Tools, Targets, and Timing
For the saboteur, nearly anything can be a tool or a target. Sugar in an engine, a candle near a pile of sawdust, or even their own lethargy in a production line. Anything that could be done to thwart or slow down the war effort, even in the littlest of ways, is recommended by the field manual. The field manual goes out of its way to discourage saboteurs from using suspicious tools, go after obvious targets, or to coordinate timing with the war effort, because each of those is likely to compromise the saboteur and perhaps even warn the enemy of larger war strategies.
For the unsophisticated hacker, there are also tools that are ubiquitous and accessible:
- Botnets
- Vulnerability scanners (especially SQL injection)
- DDoS cannons
- Phone calls and emails to support
These are not encryption backdoors, sophisticated intrusions, or specific malware. They’re cheap or free and accessible to almost anyone. They’re simple and basic, but very hard to be vigilant about. These are the tools used to probe your systems and test your defenses, they look for a crack to serve as a foothold for a larger attack.

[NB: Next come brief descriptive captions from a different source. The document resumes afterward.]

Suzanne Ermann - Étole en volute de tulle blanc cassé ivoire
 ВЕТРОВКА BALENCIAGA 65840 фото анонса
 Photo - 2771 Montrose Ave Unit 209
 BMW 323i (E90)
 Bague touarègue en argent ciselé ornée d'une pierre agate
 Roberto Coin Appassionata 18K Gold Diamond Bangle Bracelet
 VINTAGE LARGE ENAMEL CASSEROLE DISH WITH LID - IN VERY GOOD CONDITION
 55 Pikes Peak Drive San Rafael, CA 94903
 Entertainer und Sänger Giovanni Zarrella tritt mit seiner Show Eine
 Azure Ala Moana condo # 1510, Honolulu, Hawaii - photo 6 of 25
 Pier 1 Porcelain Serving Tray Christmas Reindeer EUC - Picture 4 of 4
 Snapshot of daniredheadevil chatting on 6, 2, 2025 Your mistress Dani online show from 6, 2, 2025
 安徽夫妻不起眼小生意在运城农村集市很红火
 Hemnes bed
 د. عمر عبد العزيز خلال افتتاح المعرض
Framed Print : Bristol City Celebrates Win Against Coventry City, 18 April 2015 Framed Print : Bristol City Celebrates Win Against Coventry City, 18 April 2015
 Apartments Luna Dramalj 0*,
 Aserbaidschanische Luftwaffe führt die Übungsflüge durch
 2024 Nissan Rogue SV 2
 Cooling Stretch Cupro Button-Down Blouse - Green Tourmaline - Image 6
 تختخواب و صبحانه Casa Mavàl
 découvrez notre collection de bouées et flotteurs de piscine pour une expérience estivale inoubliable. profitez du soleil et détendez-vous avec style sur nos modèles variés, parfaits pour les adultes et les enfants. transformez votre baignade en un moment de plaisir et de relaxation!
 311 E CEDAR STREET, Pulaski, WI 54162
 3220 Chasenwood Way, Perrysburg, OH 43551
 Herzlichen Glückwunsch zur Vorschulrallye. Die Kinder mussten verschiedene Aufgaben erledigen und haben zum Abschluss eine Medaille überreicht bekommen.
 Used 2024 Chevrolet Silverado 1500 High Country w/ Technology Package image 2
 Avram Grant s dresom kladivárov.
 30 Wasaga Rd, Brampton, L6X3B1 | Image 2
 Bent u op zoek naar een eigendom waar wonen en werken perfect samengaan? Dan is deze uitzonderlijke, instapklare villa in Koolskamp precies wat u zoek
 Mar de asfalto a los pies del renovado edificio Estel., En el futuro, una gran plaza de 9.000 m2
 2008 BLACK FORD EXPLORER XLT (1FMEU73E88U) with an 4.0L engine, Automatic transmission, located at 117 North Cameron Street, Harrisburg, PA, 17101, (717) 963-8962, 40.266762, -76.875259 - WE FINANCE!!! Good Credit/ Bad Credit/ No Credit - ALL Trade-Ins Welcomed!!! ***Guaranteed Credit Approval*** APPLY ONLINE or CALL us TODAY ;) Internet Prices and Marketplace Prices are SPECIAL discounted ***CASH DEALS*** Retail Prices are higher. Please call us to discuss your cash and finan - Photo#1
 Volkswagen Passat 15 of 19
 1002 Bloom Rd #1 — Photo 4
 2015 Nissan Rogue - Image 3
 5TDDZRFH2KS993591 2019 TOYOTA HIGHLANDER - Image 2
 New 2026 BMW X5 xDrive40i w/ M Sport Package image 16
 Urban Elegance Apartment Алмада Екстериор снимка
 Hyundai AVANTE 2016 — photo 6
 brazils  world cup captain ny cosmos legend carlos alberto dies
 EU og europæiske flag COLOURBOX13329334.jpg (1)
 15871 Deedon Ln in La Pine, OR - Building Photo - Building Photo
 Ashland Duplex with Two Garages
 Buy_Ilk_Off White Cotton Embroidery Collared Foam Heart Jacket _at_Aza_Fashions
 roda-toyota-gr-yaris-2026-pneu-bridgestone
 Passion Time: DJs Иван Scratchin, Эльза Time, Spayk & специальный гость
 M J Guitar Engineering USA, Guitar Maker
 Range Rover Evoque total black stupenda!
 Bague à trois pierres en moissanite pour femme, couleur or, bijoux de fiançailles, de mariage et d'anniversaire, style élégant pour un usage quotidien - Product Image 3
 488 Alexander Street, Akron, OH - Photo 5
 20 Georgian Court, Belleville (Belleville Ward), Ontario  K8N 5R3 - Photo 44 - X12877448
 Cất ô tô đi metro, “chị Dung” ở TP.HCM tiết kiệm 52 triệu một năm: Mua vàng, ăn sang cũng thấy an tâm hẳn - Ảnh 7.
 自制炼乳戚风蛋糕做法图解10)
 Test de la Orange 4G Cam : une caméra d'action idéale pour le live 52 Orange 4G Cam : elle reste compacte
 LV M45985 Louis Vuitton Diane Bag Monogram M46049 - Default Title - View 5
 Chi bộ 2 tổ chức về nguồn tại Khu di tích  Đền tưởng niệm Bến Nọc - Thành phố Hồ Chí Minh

Specific Suggestions for Simple Sabotage
So when we think about this landscape of security, when we consider unsophisticated attackers who aren’t motivated by obvious value, how do we protect ourselves? Here are three strategies for protection from simple sabotage.
(a) Do not reinvent the wheel.
Security is hard, so you should use the work of experts whenever you can. Especially at a small company, it is often tempting to build something yourself instead of paying for it because saving money is a priority. With security, though, there are a lot of open source resources as well as paid ones. Your little mistakes are easy to find, so look for projects that have been around for a while and have worked out the kinks.
(b) The Squirrel theory of security: Don’t keep all of your nuts in the same place.
It can be tempting to keep everything valuable in one, very secure, place so that you can focus on protecting that one place really well. However, this is really a bet that you’ll never get breached. If you are, you’ll lose everything. Distributed systems spread valuables out into many locations, so that if (or, really, when) a breach happens, not everything is lost at once. This follows from the assumption that you will probably be breached at some point, and that you should minimize that eventual damage instead of pretending like you can avoid it altogether.
(c) Use concentric circles of defense, with alerts when a ring is breached.
In line with the assumption from (b) that you will eventually be breached, focus on building many layers of defense instead of one strong layer. If you have good alerts set up, this will let you know when someone is trying to get into your systems before they get to anything valuable, instead of after they’ve already stolen everything you’ve got.